Quantification is the first step in assessing the proper course of action
In some previous posts (e.g., here), I have argued that the energy policy (or lack of policy) pursued by particularly this Administration has worsened the trade deficit.
Source: Author’s calculations based on Jan 2006 NIPA release.
A more comprehensive, wide-ranging, quantitative assessment of the costs of energy dependence is complicated by the fact that there is some dispute over key parameters (substitubability of capital for energy, price rigidities, etc.). Nonetheless, the Oak Ridge Laboratories have undertaken a study (Costs of U.S. Oil Dependence: 2005 Update) assessing the output, potential GDP, and wealth transfer costs. The document’s summary states:
“[T]his report focuses on its direct economic costs. These costs are the transfer of wealth from the United States to oil producing countries, the loss of economic potential due to oil prices elevated above competitive market levels, and disruption costs caused by sudden and large oil price movements. Several enhancements have been made to methods used in past studies to estimate these costs, and estimates of key parameters have been updated based on the most recent literature. It is estimated that oil dependence has cost the U.S. economy $3.6 trillion (constant 2000 dollars) since 1970, with the bulk of the losses occurring between 1979 and 1986. However, if oil prices in 2005 average $35-$45/bbl, as recently predicted by the U.S. Energy Information Administration, oil dependence costs in 2005 will be in the range of $150-$250 billion. Costs are relatively evenly divided between the three components. A sensitivity analysis reflecting uncertainty about all the key parameters required to estimate oil dependence costs suggests that a reasonable range of uncertainty for the total costs of U.S. oil dependence over the past 30 years is $2-$6 trillion (constant 2000 dollars). Reckoned in terms of present value using a discount rate of 4.5%, the costs of U.S. oil dependence since 1970 are $8 trillion, with a reasonable range of uncertainty of $5 to $13 trillion.”
Under a wide number of assumptions, the costs of energy dependence in 2005, given a price of oil of $45.50 per barrel, is estimated to be about 250 billion 2000 dollars.
Figure 27 from Greene and Ahmad, “Costs of U.S. Oil Dependence: 2005 Update,” Oak Ridge National Laboratories.
The actual average price in 2005 for WTI was $56.5 so this is an understatement (at least based on these assumptions).

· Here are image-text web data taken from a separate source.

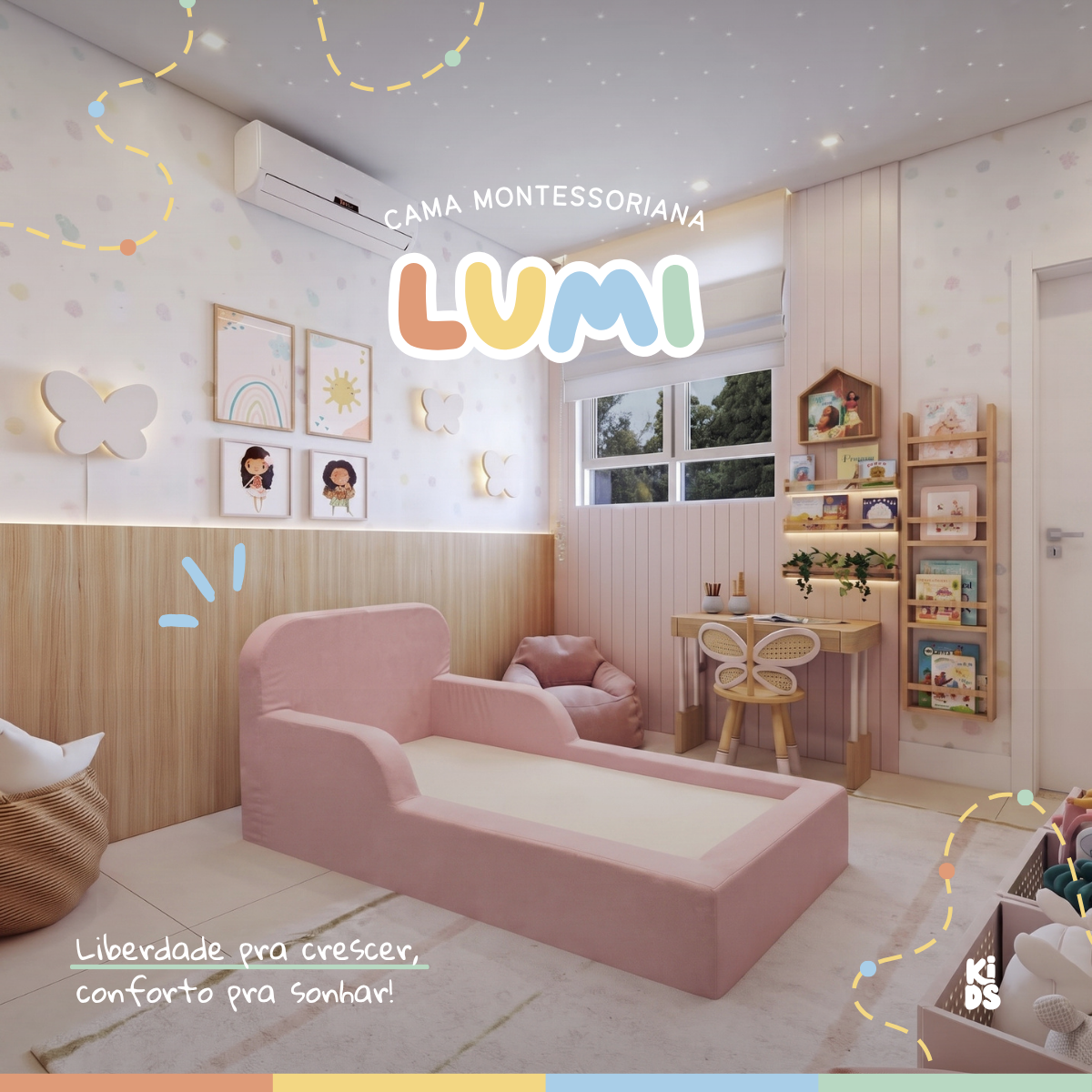 Cama Montessoriana Infantil Lumi Mini 178 cm 100% Espuma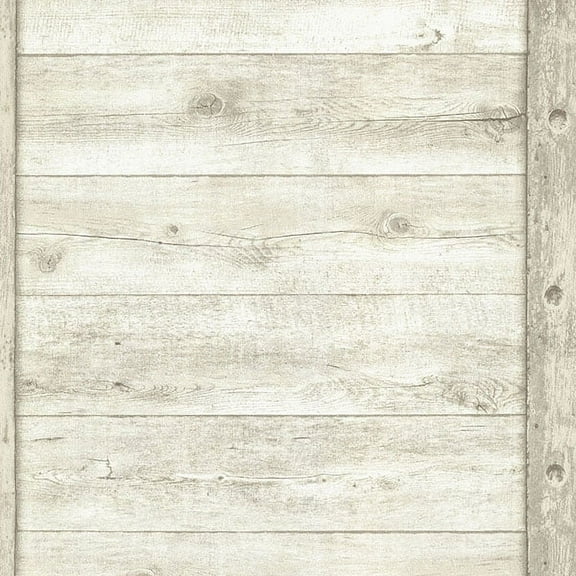 Advantage Absaroka Off White Shiplap Unpasted Nonwoven Wallpaper, 20.5-in by 33-ft, 56.4 sq. ft.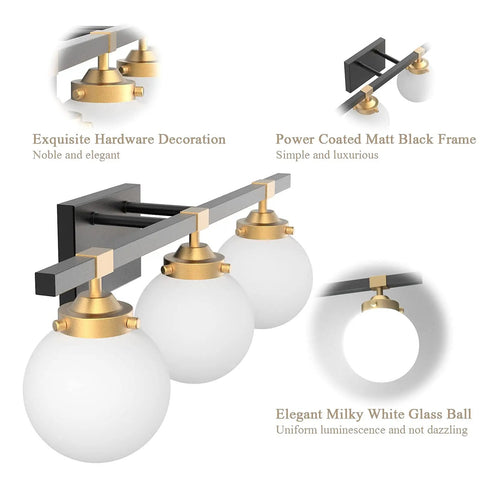 Mid Century Modern Bathroom Vanity Light Fixture Set With Three Lights Milky White Glass Shades Black And Gold Finish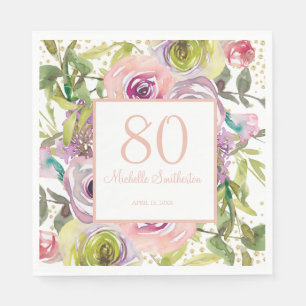 Purple Pink Floral Gold Glitter 80th Birthday Napkin
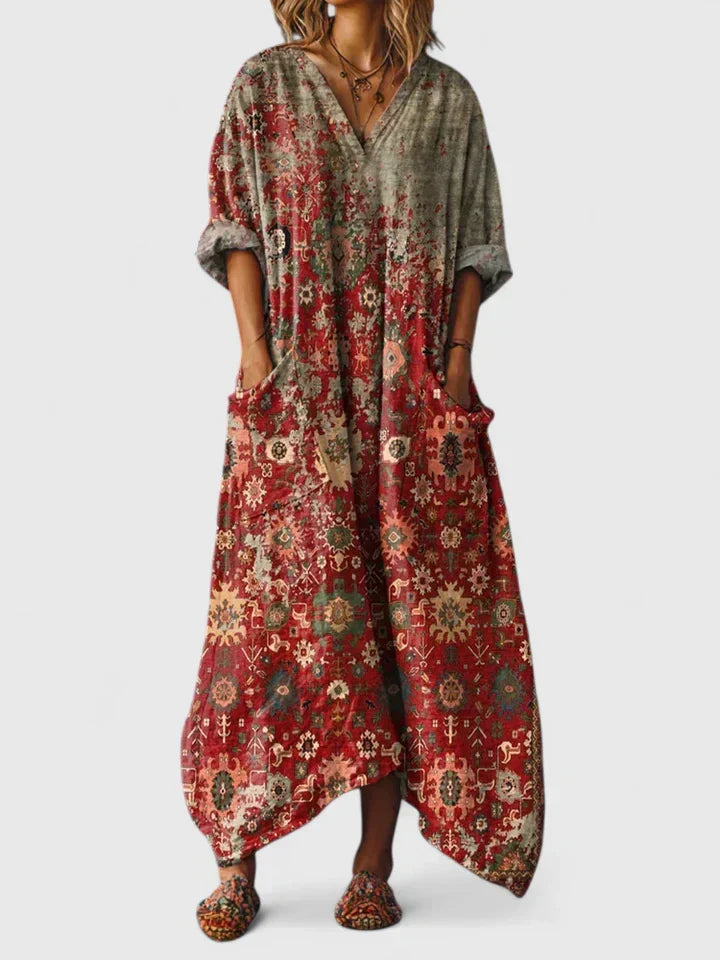 Thessaly | Women's Boho Floral Print Maxi Dress - Image 1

For perspective, the US real GDP in 2005 was 11.1 trillion 2000Ch. dollars.
Of these costs, the ones that rely least on contentious parameters is the wealth transfer — essentially how much is transferred to foreign oil producers (although a guess about the competitive price needs to be assumed). Here, the figure is about 150 billion 2000Ch., or about 1.4% of GDP.
I found the survey of price elasticities interesting in their own right. The report presents two tables.
Table 3 from Greene and Ahmad, “Costs of U.S. Oil Dependence: 2005 Update,” Oak Ridge National Laboratories.
What I found most interesting is the relatively high (at least compared to what some people think) long run price elasticities of oil demand, combined with relatively low long run supply elasticities (the typically cited figure is slightly lower than the average here, 0.3, which is close to the EIA figure). This suggests to me that there is considerable scope for reducing demand via taxes, while attempting to increase domestic supply by way of subsidies would be more difficult (note that the average rate of convergence to the long run is lower on the supply side).
Obviously, this doesn’t mean we should seek to set oil imports to zero. But it does mean that there is a cost to relying upon energy, and additionally (my focus here) to relying upon imported energy. We should seek to reduce energy imports using as a guide economic principles — namely investing in conservation R&D, and implementing taxes, up to the point that the combination of instruments leads to the internalization of negative externalities. Here we have not only the environmental ones, but also those associated with additional variability in income (after all, in a Taylor rule world, variability is a bad thing). And then there is the question of whether we would need to be so monomaniacally obsessed with oil supplies — and hence need to sacrifice so many resources to maintaining large ground forces in the MidEast — if we were not so susceptible to such large terms of trade shocks.